/clj-http

An idiomatic clojure http client wrapping the apache client. Offically supported version.

Primary LanguageClojure

clj-http

A Clojure HTTP library wrapping the Apache HttpComponents client.

This library has taken over from mmcgrana's clj-http. Please send a pull request or open an issue if you have any problems

Continuous Integration status

Installation

clj-http is available as a Maven artifact from Clojars:

[clj-http "0.4.3"]

Previous versions available as

[clj-http "0.4.2"]
[clj-http "0.4.1"]
[clj-http "0.4.0"]
[clj-http "0.3.6"]

Usage

The main HTTP client functionality is provided by the clj-http.client namespace.

Require it in the REPL:

(require '[clj-http.client :as client])

Require it in your application:

(ns my-app.core
  (:require [clj-http.client :as client]))

The client supports simple get, head, put, post, delete, copy, move, patch and options requests. Responses are returned as Ring-style response maps:

(client/get "http://google.com")
=> {:status 200
    :headers {"date" "Sun, 01 Aug 2010 07:03:49 GMT"
              "cache-control" "private, max-age=0"
              "content-type" "text/html; charset=ISO-8859-1"
              ...}
    :body "<!doctype html>..."
    :cookies {"PREF" {:domain ".google.com", :expires #<Date Wed Apr 02 09:10:22 EDT 2014>, :path "/", :value "...", :version 0}}
    :trace-redirects ["http://google.com" "http://www.google.com/" "http://www.google.fr/"]}

:trace-redirects will contain the chain of the redirections followed.

More example requests:

(client/get "http://site.com/resources/id")

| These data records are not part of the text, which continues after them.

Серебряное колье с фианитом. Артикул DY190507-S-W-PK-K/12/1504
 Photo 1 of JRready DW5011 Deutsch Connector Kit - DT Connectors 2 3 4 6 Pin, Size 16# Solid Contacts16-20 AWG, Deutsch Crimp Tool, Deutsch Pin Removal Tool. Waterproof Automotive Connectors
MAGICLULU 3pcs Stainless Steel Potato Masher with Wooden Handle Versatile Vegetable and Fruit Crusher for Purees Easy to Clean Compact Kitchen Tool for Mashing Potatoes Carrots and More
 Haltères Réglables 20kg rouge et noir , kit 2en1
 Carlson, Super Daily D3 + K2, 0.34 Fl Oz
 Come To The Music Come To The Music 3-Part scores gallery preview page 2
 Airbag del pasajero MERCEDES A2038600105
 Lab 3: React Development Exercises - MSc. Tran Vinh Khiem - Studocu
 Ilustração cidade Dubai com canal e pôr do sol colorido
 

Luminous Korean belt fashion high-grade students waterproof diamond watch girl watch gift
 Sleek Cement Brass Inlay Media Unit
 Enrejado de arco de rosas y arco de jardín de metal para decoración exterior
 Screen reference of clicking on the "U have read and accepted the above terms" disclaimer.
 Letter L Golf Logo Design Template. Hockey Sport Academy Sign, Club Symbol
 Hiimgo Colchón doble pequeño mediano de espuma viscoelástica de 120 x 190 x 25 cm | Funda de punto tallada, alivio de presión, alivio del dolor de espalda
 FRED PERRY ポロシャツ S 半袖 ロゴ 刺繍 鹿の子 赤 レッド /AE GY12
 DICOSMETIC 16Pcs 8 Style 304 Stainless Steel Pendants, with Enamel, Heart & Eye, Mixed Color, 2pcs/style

(client/get "http://site.com/resources/3" {:accept :json})

;; Various options:
(client/post "http://site.com/api"
  {:basic-auth ["user" "pass"]
   :body "{\"json\": \"input\"}"
   :headers {"X-Api-Version" "2"}
   :content-type :json
   :socket-timeout 1000
   :conn-timeout 1000
   :accept :json})

;; Need to contact a server with an untrusted SSL cert?
(client/get "https://alioth.debian.org" {:insecure? true})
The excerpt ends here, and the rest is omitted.